Azure Databricks is a web-based platform built on top of Apache Spark and deployed to Microsoft's Azure cloud platform that provides a web-based interface that makes it simple for users to create and scale clusters of Spark servers and deploy jobs and Notebooks to those clusters. Spark provides a general-purpose compute engine ideal for working with big data, thanks to its built-in parallelization engine.

In the last article in this series, I showed how to create a new Databricks Cluster in a Microsoft Azure Databricks Workspace.

In this article, I will show how  to create a notebook and run it on that cluster.

Navigate to the Databricks service, as shown in Fig. 1.

db01-OverviewBlade
Fig. 1

Click the [Launch Workspace] button (Fig. 2) to open the Azure Databricks page, as shown in Fig. 3.

db02-LaunchWorkspaceButton
Fig. 2

db03-DatabricksHomePage
Fig. 3

Click the "New Notebook" link under "Common Tasks" to open the "Create Notebook" dialog, as shown in Fig. 4.

db04-CreateNotebookDialog
Fig. 4

At the "Name" field, enter a name for your notebook. The name must be unique within this workspace.

At the "Language" dropdown, select the default language for your notebook.

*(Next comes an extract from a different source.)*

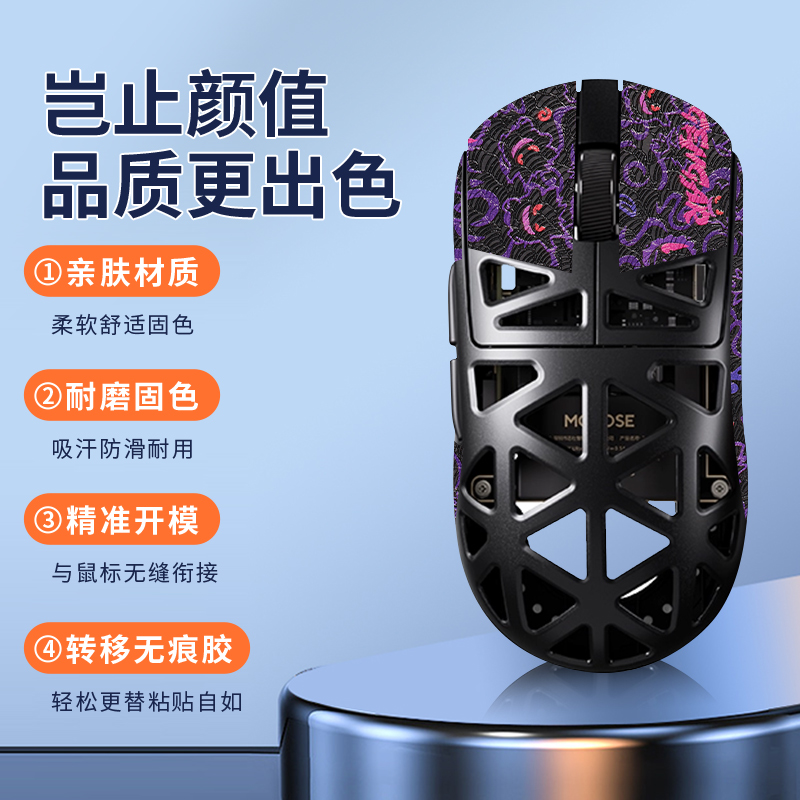 镁合金适用迈从a7xultra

Current options are Python, Scala, SQL, and R. Selecting a language does not limit you to only using that language within this notebook. You can override the language in a given cell.

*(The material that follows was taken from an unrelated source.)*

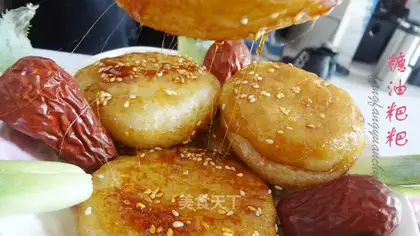Sugar oil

Click the [Create] button to create the new notebook. A blank notebook displays, as shown in Fig. 5.

db05-BlankNotebook
Fig. 5

Fig. 6 shows a notebook with some simple code added to the first 2 cells.

db06-Notebook
Fig. 6

You can add, move, or manipulate cells by clicking the cell menu at the top right of an existing cell, as shown in Fig. 7.

db07-AddCell
Fig. 7

In order to run your notebook, you will need to attach it to an existing, running cluster. Click the "Attach to" dropdown and select from the clusters in the current workspace, as shown in Fig. 8.  See this article for information on how to create a cluster.

db08-AttachCluster
Fig. 8

You can run all the cells in a notebook by clicking the "Run all" button in the toolbar, as shown in Fig. 9.

db09-RunAll
Fig. 9

Use the "Run" menu in the top right of a cell to run only that cell or the cells above or below it, as shown in Fig. 10.

db10-RunCell
Fig. 10

Fig. 11 shows a notebook after all cells have been run. Note the output displayed below each cell.

db11-NotebookWithResults
Fig. 11

In this article, I showed how to create, run, and manage a notebook in an Azure Databricks workspace.